The claims of North Korean “provocation” and that “North Korea’s pursuit of nuclear weapons is an urgent national security threat” is also baseless, not to mention hypocritical, coming from a country that has thousands of ICBMs that can deliver instant annihilation to anyplace on the planet—and has already done so in a nation it claims as an “ally.” Despite all the propaganda in the corporate media about the USS Carl Vinson carrier strike group, the arrival of a submarine carrying nuclear missiles and the deployment of THAAD on the Korean peninsula, the fact of the matter is that the United States has the ability to defend itself quite well from North Korean nukes without this absurd show of force.
Furthermore, there is no evidence that North Korea even has the ability to get missiles all the way to the U.S. mainland, much less Hawaii. They can barely get most of their missiles off the launchpad without them exploding. And even if they did, even if a few missiles got past the U.S. defenses, the retaliation would utterly destroy North Korea. So any aggression emanating from North Korea is tantamount to suicide. The Korean War has been on hold for 64 years and North Korea has never attacked a single country up to now. The U.S., however, has been at constant war. The tensions we are witnessing today are due to unprovoked U.S. aggression, although the corporate media is presenting it the other way around.
The statement ends with the line “we will maintain our close coordination and cooperation with our allies, especially the Republic of Korea and Japan, as we work together to preserve stability and prosperity in the region. The United States seeks stability and the peaceful denuclearization of the Korean peninsula.”
When the U.S. says it is going to use its military to “preserve stability and prosperity” and “seek peace,” everyone should already know by now that this is code for death and destruction. That the U.S. is “coordinating and cooperating” with its “allies” in the Republic of Korea and Japan should make everyone in those two countries quite alarmed. These nations are not allies, they are occupied territories, bases for the projection of U.S. military power into East Asia. These are vassal states, countries that exist only to serve “U.S. interests.” If it is in the interest of the United States to sacrifice the people in these nations on the altar of “freedom and democracy” you better believe that is what is going to happen.
O’Neill goes on to conclude:
South Korea is an important component of the US strategy of “containing China”, i.e. preventing the rise of an alternative element that might threaten the US’s hegemonic unipolar view of the world.

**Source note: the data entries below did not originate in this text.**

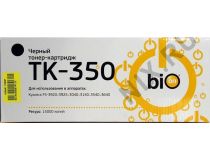 Картридж Bion TK-350 для FS3040/3140/3540/3640/3920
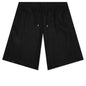 Hemen Short 9604 M.K. Shorts - Black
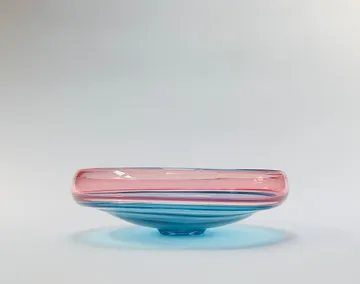 tab for image gallery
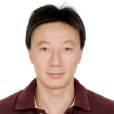 王亦工(王亦工) 王亦工(王亦工)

It suits US foreign policy very well indeed to be able to paint Kim Yong-Un as a dangerous and unpredictable madman. It helps justify the massive continued US military (and nuclear armed) presence in the region, including in South Korea, and maintaining 400 military bases to “contain China” and any other enemy du jour in the region. In that sense, Kim is very much Washington’s ‘useful idiot.’

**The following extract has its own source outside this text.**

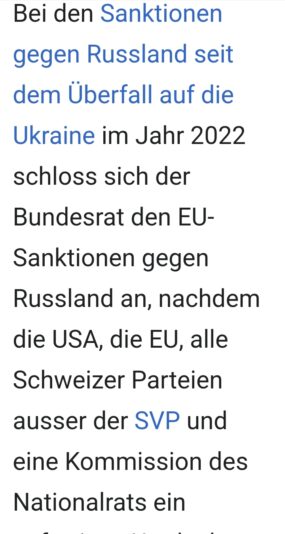 Screenshot_20220923_105609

The greater danger to peace and stability in the region comes from an even more dangerous and unpredictable egoist in the White House. That really is a worry.
Do Americans worry about the innocent South Koreans and Japanese who will be caught in the crossfire if/when the U.S. launches a preemptive strike against yet another country that has not attacked the U.S. nor poses any credible threat to their homeland? Does it bother anyone that such an attack is illegal under international law? Or that this senseless murder is committed in their name?
So far, this hasn’t been a problem for the American people. There is no reason to think this time will be any different.